Records to process Start Marker

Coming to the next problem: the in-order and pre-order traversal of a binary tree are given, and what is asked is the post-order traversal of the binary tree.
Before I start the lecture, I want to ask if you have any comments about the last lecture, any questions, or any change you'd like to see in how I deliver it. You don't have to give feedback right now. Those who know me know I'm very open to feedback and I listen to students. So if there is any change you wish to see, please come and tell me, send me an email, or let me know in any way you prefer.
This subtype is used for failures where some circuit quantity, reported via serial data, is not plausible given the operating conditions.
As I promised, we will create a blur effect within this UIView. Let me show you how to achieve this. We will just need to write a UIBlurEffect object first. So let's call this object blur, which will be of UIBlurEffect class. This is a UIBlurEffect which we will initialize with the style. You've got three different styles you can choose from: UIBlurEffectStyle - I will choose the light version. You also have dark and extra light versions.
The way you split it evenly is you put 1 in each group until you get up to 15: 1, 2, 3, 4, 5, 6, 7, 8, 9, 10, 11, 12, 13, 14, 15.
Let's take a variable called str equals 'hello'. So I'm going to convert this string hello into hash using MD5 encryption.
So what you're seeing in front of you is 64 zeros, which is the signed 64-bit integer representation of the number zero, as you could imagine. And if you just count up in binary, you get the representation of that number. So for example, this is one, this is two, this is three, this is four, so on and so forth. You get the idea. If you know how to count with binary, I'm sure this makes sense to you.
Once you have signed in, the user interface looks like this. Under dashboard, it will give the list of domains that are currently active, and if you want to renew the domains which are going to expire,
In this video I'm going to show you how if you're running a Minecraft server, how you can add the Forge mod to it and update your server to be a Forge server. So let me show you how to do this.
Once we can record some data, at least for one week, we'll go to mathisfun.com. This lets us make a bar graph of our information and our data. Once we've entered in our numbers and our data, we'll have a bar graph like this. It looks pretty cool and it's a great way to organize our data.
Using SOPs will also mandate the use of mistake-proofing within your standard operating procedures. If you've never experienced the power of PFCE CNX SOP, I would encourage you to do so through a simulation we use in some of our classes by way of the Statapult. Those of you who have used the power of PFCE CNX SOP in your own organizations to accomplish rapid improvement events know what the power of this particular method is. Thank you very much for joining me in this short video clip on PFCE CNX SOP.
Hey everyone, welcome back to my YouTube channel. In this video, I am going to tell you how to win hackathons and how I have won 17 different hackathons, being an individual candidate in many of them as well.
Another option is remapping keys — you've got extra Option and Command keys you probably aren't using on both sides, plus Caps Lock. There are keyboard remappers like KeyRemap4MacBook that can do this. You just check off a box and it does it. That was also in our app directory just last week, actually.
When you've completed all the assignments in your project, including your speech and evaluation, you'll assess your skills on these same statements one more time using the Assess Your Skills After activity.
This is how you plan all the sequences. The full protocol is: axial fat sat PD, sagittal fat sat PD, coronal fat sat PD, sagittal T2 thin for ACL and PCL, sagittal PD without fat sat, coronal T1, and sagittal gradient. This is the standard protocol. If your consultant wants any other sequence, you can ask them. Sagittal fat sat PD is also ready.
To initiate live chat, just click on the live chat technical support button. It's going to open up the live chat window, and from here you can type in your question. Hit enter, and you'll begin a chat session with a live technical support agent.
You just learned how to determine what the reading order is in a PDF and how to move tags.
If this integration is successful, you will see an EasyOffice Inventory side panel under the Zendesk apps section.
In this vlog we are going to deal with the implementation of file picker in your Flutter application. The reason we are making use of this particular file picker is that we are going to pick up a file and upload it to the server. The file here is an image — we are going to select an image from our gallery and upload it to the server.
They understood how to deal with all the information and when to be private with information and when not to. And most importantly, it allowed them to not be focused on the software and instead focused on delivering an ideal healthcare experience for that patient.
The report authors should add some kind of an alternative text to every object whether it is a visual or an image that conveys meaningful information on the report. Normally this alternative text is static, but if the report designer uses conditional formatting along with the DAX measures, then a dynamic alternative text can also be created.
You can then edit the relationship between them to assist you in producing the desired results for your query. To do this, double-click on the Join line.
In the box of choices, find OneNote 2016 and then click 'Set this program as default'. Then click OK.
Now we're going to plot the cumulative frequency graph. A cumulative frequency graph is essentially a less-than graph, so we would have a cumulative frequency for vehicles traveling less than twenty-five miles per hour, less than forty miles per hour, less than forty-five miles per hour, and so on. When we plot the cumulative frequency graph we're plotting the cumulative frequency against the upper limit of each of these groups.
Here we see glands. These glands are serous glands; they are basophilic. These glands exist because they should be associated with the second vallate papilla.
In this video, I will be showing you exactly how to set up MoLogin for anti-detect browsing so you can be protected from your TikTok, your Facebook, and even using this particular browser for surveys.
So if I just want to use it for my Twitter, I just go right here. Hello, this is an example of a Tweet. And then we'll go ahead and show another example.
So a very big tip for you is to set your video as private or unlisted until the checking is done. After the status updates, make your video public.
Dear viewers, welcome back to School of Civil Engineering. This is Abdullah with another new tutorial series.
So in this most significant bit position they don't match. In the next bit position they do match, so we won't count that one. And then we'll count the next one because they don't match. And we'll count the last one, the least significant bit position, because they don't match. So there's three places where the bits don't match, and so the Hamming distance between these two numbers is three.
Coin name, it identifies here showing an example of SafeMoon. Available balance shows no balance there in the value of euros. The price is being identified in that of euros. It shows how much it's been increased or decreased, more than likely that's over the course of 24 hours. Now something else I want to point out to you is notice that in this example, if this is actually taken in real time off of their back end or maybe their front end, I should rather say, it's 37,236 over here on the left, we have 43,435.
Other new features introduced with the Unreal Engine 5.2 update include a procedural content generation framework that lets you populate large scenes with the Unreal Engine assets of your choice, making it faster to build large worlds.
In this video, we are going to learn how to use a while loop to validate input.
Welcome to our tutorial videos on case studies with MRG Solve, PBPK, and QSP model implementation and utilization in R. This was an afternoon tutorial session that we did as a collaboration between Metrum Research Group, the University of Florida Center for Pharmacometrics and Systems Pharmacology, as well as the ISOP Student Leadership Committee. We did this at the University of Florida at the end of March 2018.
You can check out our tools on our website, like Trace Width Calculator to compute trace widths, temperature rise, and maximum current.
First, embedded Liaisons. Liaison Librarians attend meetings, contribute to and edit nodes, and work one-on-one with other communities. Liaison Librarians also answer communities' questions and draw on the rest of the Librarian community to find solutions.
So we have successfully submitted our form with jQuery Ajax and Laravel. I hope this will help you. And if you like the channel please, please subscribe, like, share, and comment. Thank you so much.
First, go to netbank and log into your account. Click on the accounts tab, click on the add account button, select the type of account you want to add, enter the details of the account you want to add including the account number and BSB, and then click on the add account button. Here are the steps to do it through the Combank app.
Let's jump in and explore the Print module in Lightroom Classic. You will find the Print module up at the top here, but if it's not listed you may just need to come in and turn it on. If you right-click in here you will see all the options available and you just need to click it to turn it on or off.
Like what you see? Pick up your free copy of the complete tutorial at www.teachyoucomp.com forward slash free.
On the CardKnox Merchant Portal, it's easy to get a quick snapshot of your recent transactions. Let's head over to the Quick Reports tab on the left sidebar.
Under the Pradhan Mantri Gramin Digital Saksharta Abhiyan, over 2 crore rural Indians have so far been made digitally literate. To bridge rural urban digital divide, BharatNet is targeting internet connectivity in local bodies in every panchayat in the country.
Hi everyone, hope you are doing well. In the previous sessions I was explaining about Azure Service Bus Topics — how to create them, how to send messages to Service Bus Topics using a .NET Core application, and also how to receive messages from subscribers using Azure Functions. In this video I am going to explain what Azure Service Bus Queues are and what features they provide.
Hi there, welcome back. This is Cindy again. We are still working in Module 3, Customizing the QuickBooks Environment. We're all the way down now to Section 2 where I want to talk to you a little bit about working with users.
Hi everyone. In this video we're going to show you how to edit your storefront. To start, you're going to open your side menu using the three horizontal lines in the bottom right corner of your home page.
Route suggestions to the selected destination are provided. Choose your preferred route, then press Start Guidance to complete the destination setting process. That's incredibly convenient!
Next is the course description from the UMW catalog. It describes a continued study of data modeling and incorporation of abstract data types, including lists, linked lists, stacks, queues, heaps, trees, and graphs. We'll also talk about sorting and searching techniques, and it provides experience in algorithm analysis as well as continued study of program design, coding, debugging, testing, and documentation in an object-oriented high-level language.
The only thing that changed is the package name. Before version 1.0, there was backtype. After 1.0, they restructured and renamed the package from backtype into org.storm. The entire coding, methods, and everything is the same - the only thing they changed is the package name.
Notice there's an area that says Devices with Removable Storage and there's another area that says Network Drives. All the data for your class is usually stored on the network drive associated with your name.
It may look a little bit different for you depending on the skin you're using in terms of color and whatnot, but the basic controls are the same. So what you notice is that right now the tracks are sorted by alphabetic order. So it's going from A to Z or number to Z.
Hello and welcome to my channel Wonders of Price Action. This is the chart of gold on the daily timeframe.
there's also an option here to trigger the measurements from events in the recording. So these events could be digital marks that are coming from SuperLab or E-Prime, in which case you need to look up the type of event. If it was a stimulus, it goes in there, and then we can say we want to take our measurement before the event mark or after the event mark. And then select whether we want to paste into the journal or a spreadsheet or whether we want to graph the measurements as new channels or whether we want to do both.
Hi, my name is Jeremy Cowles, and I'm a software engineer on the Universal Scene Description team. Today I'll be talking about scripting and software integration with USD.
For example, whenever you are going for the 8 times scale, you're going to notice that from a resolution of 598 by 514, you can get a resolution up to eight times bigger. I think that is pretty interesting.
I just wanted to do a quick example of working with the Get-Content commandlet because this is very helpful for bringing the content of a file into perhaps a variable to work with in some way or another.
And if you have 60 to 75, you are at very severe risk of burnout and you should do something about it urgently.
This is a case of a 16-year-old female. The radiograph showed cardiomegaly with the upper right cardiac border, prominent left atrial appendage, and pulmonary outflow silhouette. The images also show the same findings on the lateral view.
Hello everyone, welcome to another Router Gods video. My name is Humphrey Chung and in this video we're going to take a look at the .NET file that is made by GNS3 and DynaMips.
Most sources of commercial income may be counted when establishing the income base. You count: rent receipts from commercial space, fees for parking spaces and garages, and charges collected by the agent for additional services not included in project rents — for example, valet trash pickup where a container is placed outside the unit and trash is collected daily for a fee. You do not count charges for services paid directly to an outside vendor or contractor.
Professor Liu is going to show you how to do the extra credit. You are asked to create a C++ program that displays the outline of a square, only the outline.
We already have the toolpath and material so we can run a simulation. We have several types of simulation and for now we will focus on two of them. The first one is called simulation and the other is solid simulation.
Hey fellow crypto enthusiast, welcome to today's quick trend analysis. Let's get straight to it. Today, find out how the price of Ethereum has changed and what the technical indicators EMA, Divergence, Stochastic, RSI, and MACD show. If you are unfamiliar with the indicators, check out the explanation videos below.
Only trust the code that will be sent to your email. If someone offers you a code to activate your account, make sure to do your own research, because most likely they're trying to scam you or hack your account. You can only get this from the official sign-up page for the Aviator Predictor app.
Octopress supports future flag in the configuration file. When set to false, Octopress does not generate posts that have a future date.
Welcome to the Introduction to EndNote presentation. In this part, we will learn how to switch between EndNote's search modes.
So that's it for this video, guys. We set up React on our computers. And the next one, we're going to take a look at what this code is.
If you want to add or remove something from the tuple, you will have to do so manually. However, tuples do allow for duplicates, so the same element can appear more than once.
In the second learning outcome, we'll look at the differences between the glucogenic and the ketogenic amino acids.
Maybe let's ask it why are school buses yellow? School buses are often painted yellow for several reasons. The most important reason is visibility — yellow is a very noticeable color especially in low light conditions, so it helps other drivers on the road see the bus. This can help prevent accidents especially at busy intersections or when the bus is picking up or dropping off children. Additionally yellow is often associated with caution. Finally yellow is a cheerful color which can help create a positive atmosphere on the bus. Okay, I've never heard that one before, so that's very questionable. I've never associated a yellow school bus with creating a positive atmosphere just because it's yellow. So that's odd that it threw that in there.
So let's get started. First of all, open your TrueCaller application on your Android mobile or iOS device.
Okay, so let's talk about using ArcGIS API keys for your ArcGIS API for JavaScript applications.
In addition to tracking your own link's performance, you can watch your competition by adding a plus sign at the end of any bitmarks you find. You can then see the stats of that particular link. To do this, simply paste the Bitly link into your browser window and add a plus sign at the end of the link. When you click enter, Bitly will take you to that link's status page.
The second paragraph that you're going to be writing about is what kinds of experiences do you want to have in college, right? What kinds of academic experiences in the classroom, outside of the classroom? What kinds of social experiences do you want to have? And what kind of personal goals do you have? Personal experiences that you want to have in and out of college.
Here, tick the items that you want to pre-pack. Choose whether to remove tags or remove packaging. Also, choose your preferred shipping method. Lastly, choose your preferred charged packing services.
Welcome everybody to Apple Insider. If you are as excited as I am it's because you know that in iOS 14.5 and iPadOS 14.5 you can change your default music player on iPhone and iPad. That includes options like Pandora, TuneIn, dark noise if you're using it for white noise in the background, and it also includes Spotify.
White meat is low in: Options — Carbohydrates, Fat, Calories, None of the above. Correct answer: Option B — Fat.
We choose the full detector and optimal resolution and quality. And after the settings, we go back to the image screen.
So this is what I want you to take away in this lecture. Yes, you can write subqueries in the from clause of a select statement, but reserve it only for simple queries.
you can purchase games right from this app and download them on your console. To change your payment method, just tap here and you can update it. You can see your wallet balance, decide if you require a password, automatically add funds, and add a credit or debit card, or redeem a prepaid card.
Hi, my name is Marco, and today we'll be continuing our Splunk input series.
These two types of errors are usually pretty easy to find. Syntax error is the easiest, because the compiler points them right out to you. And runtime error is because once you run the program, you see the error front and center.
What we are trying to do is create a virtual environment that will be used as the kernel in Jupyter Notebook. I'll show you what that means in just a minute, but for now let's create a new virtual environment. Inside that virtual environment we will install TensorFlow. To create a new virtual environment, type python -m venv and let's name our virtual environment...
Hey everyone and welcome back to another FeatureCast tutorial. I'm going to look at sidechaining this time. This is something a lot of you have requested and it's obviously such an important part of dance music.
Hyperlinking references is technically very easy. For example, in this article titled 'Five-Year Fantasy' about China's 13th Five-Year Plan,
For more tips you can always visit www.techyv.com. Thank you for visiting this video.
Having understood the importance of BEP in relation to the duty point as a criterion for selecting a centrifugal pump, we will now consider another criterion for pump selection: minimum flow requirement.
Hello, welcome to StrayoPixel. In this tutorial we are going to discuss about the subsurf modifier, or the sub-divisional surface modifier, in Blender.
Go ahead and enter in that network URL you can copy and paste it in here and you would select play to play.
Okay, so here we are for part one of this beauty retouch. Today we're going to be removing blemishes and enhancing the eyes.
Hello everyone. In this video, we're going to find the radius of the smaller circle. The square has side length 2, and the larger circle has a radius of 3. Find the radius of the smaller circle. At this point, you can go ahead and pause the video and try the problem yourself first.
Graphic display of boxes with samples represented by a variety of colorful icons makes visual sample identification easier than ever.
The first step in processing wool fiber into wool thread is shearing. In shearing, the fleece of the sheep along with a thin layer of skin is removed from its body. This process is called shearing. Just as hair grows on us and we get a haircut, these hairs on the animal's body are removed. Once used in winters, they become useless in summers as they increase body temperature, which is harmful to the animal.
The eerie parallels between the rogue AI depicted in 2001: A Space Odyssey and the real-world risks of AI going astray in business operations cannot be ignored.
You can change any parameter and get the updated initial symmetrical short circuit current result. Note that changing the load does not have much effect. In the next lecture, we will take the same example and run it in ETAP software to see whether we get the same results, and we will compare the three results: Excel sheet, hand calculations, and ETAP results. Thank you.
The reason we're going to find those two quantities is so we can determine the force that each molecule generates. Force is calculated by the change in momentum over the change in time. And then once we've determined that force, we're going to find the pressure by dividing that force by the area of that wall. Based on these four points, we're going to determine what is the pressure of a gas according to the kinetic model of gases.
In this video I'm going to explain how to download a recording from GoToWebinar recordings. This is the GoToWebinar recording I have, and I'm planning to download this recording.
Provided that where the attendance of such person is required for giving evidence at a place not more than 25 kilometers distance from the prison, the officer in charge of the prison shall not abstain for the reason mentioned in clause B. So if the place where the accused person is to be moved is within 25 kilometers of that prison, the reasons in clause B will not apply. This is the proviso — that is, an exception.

Records to process End Marker

Requirement
Print the lines above, unchanged, from the start of the records to the line with "This subtype is", including that final line.

Reply
Coming to the next problem: the in-order and pre-order traversal of a binary tree are given, and what is asked is the post-order traversal of the binary tree.
Before I start the lecture, I want to ask if you have any comments about the last lecture, any questions, or any change you'd like to see in how I deliver it. You don't have to give feedback right now. Those who know me know I'm very open to feedback and I listen to students. So if there is any change you wish to see, please come and tell me, send me an email, or let me know in any way you prefer.
This subtype is used for failures where some circuit quantity, reported via serial data, is not plausible given the operating conditions.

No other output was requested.